Everything in the data below is left aside except the lines from the one containing "Sterling Silver Rhodium-plated" through the one containing "WINTER AND SNOW"; repeat those exactly.

● INPUT FOR THIS TASK:
╭──

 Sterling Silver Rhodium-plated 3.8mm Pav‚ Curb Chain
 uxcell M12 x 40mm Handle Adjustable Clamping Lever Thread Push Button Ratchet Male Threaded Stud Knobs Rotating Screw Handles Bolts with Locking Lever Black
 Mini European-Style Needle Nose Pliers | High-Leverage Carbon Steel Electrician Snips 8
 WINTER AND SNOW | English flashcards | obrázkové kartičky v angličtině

╰──
╭──

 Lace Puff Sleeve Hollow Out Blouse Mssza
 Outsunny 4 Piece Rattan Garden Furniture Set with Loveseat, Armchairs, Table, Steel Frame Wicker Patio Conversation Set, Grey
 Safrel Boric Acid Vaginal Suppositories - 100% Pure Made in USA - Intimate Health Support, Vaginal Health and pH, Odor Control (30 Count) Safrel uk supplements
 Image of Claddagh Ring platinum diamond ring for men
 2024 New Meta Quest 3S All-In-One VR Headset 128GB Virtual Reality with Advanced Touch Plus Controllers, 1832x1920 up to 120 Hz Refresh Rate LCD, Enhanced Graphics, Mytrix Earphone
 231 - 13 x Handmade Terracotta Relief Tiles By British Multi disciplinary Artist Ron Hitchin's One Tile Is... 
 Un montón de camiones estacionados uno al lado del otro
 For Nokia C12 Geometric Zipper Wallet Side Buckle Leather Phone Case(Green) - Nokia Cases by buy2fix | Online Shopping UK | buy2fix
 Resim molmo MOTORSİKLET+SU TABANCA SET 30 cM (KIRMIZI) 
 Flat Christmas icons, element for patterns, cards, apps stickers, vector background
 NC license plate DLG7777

╰──

● EXERCISE SOLUTION:
 Sterling Silver Rhodium-plated 3.8mm Pav‚ Curb Chain
 uxcell M12 x 40mm Handle Adjustable Clamping Lever Thread Push Button Ratchet Male Threaded Stud Knobs Rotating Screw Handles Bolts with Locking Lever Black
 Mini European-Style Needle Nose Pliers | High-Leverage Carbon Steel Electrician Snips 8
 WINTER AND SNOW | English flashcards | obrázkové kartičky v angličtině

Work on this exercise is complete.